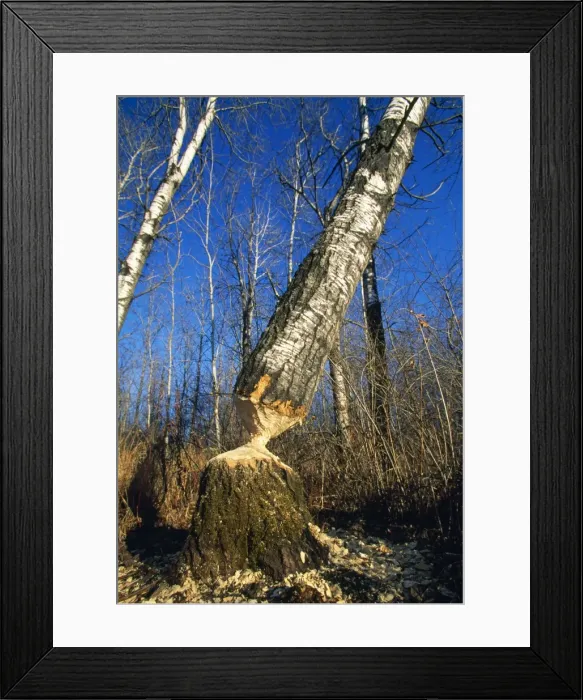 Framed Print : Beaver - workings on Aspen Trees Northern Minnisota, USA Framed Print : Beaver - workings on Aspen Trees Northern Minnisota, USA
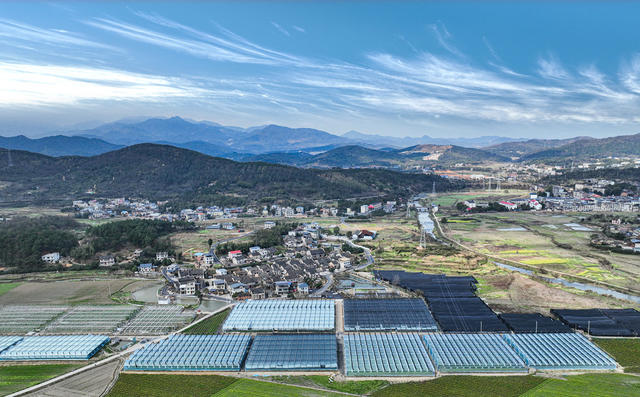 湖南郴州市   坳上镇   蔬菜基地 黄建华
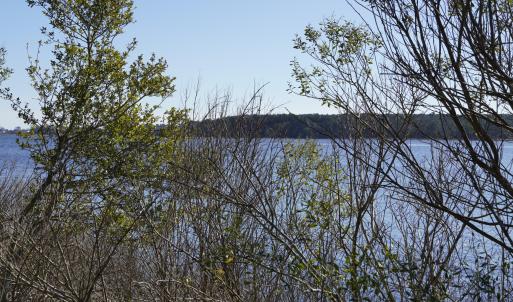 _DSC0323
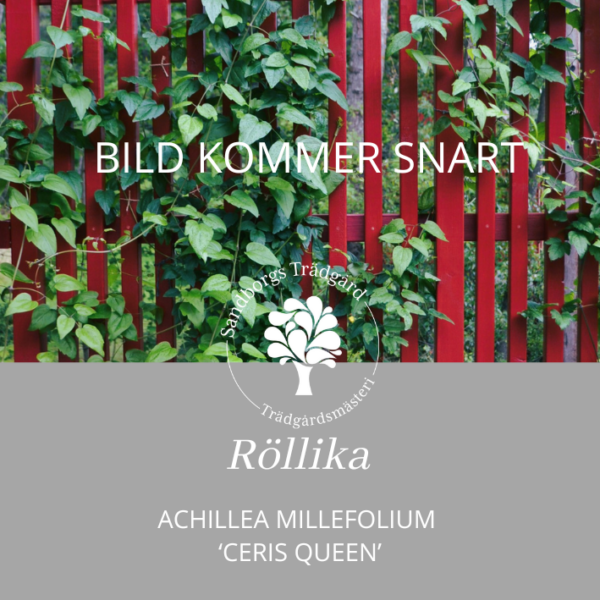 sandborgs trädgård | röllika ceris queen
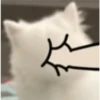 Expresiones perrito blanco🤍 13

--------------------

▶ [Task prompt] Restate the entries verbatim, without pictures.

▶ [Exercise solution]
 Framed Print : Beaver - workings on Aspen Trees Northern Minnisota, USA Framed Print : Beaver - workings on Aspen Trees Northern Minnisota, USA
 湖南郴州市   坳上镇   蔬菜基地 黄建华
 _DSC0323
 sandborgs trädgård | röllika ceris queen
 Expresiones perrito blanco🤍 13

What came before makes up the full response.